Évidemment, un construit comme le climat de travail (Laflamme, 1994) ne se travaille pas aisément et plusieurs aspects doivent être pris en considération au moment de l’évaluer (Brunet et Savoie, 1999). Le contexte des vingt dernières années, marquées par différents courants dont certains sont directement issus du secteur privé, a forcé le passage progressif de l’idéal moderne d’accessibilité universelle aux services vers une gestion post-moderne où les ressources doivent être utilisées au maximum : amélioration continue, affirmation des droits des usagers, déficit zéro, imputabilité et gouvernance. Le danger, c’est que des politiques inspirées par la nouvelle gestion publique servent d’instruments pour l’implantation d’une idéologie gestionnaire qui accroit le pouvoir managérial sans tenir compte de la réalité des organisations professionnelles (De Gaulejac, 2005). Or, pour paraphraser le titre d’un ouvrage de Chauvière (2010), « [t]rop de gestion tue le social ».

Ce qui marque particulièrement cette période, c’est certes la fin de la croissance de l’appareil d’État, la pression accrue de la demande sur des services publics — dont l’offre décline même dans certains cas — et la faiblesse de la marge de manoeuvre de la plupart des organisations. Les pistes prometteuses pour favoriser l’engagement organisationnel du personnel sont connues (Fabi, Martin et Valois, 1999; Glisson, 2009; 2010).

Conclusion

Au-delà de la reconnaissance des besoins, le problème demeure présent parce que les gestionnaires en exercice se sentent mal préparés pour offrir le type de soutien qu’ils savent nécessaire dans un contexte en constant changement qui les sollicite déjà beaucoup. Et, contrairement au secteur privé, les organisations disposent de peu de moyens pour récompenser les conduites exemplaires.

Il y a toutefois des pratiques reconnues et attendues dans les milieux de pratique du travail social : entre autres, programme d’accueil des nouveaux employés, supervision des jeunes diplômés, pairage de ceux-ci avec des collègues expérimentés, consultation face aux problématiques complexes et groupes de pairs.

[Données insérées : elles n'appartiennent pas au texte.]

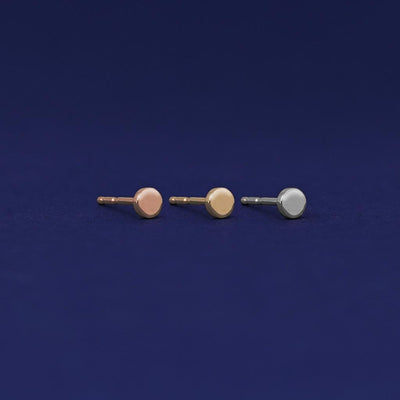 Three versions of the Tiny Circle Earring shown in options of rose, yellow, and white gold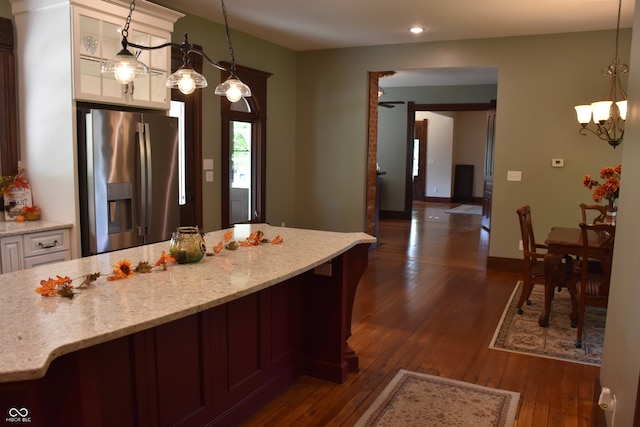 kitchen with light stone counters, dark hardwood / wood-style floors, stainless steel refrigerator with ice dispenser, white cabinetry, and decorative light fixtures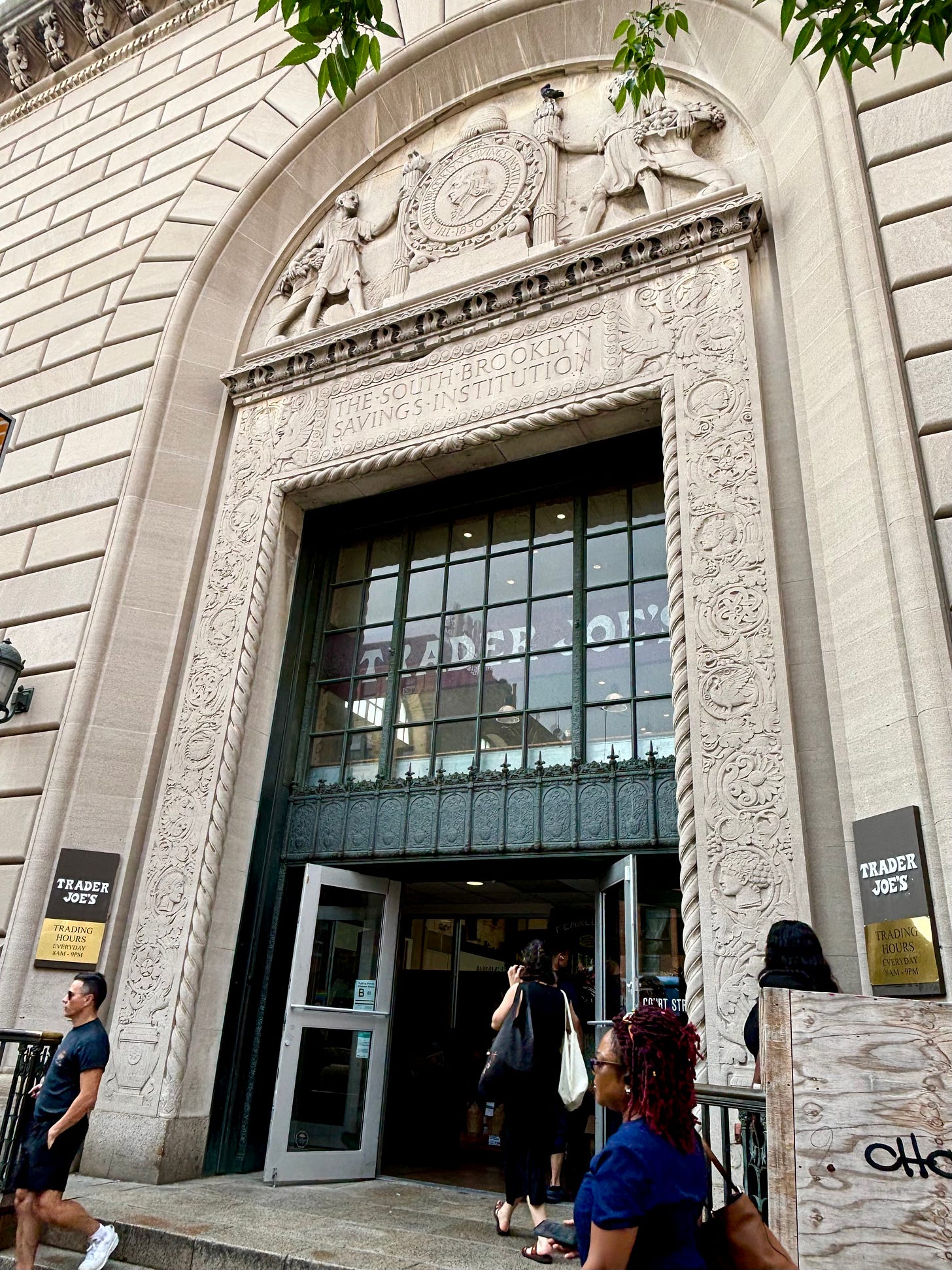An ornately carved arched entrance. Over the door is engraved The South Brooklyn Savings Institution. Inside the glass doors are Trader Joe's flags. An ornately carved arched entrance. Over the door is engraved The South Brooklyn Savings Institution. Inside the glass doors are Trader Joe's flags.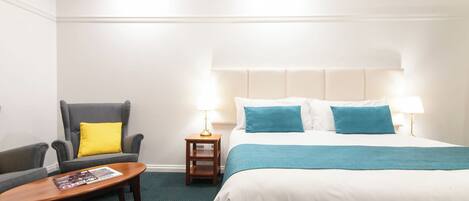 A hotel room with a bed, a chair, a small table, and two bedside lamps.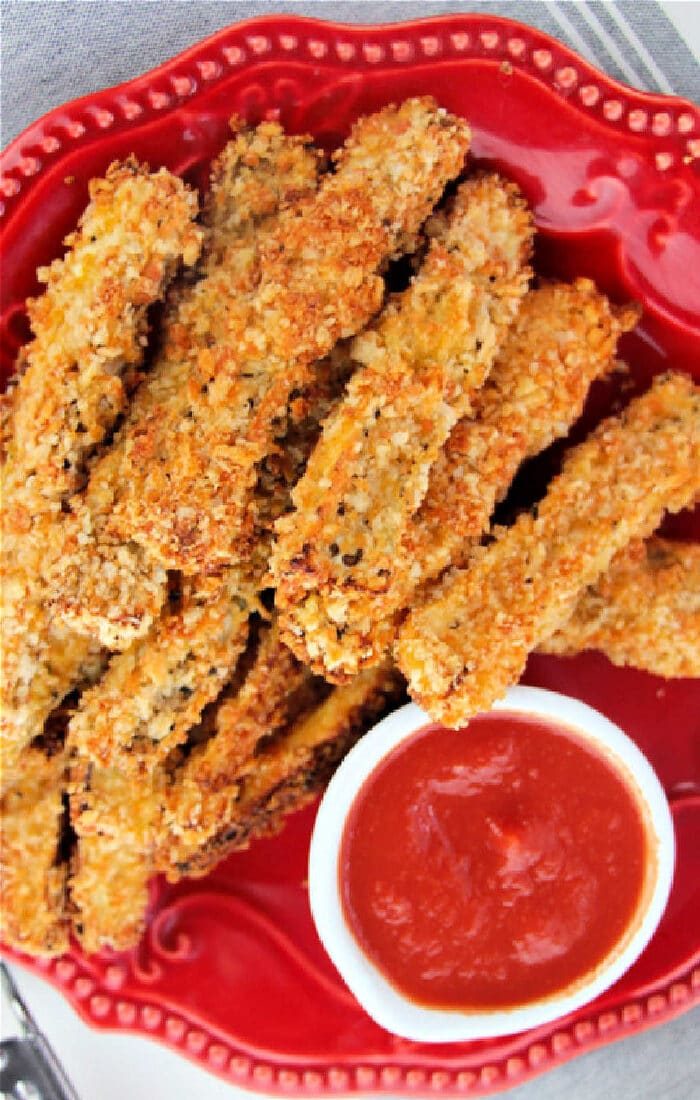 Plate of crispy breaded eggplant fries with a side of red dipping sauce.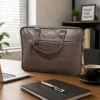 Natural leather laptop bag with multiple pockets and shoulder strap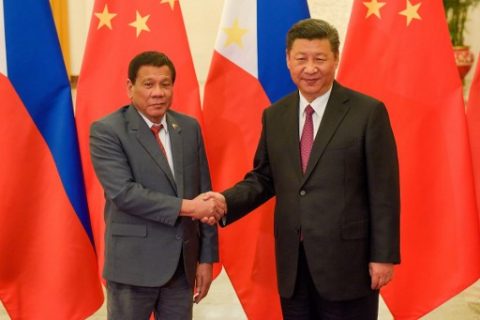 Chinese President Xi Jinping (R) shakes hands with Philippines President Rodrigo Duterte (L) prior to their bilateral meeting during the Belt and Road Forum for International Cooperation at the Great Hall of the People in Beijing on May 15, 2017. / AFP PHOTO / POOL / Etienne Oliveau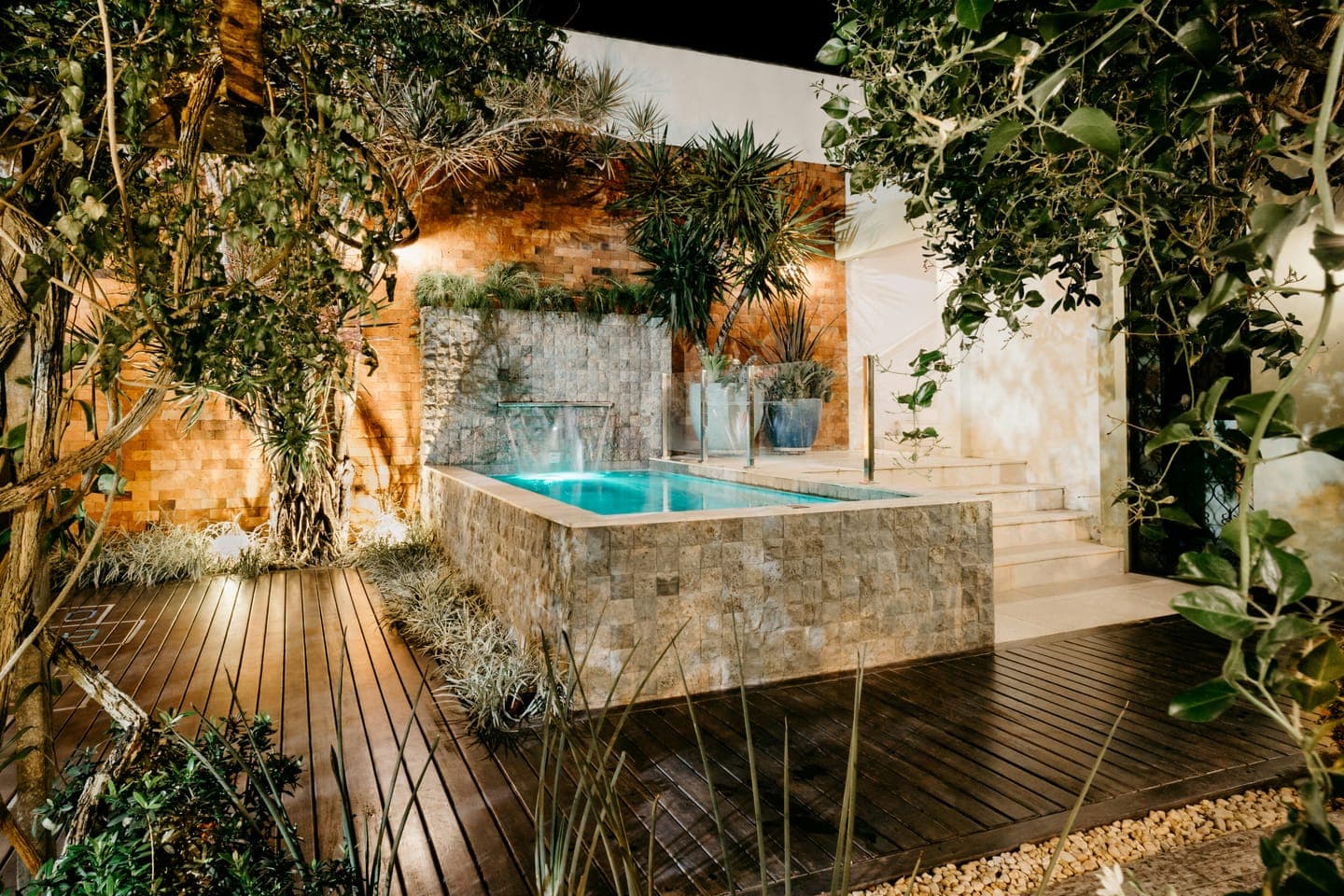 A garden courtyard with a small pool lit at night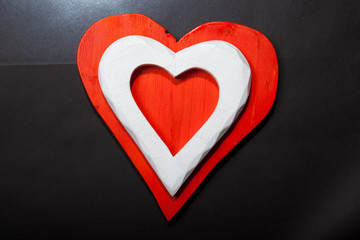 Holidays gift and heart on a black background. Valentines day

Les organisations devront aussi faire face au bouleversement majeur de leurs ressources humaines expérimentées qui partent à la retraite. Le phénomène affectera davantage les cadres. Or, très peu d’organisations disposent d’un programme de préparation de la relève et certains établissements commencent déjà à éprouver de la difficulté à recruter des personnes intéressées à assumer de telles responsabilités, étant donné que la charge de travail accrue des gestionnaires n’est pas véritablement compensée par leur niveau de rémunération. D’énormes défis en perspective à relever dans un contexte difficile. Mais n’est-ce pas là le quotidien des travailleurs sociaux?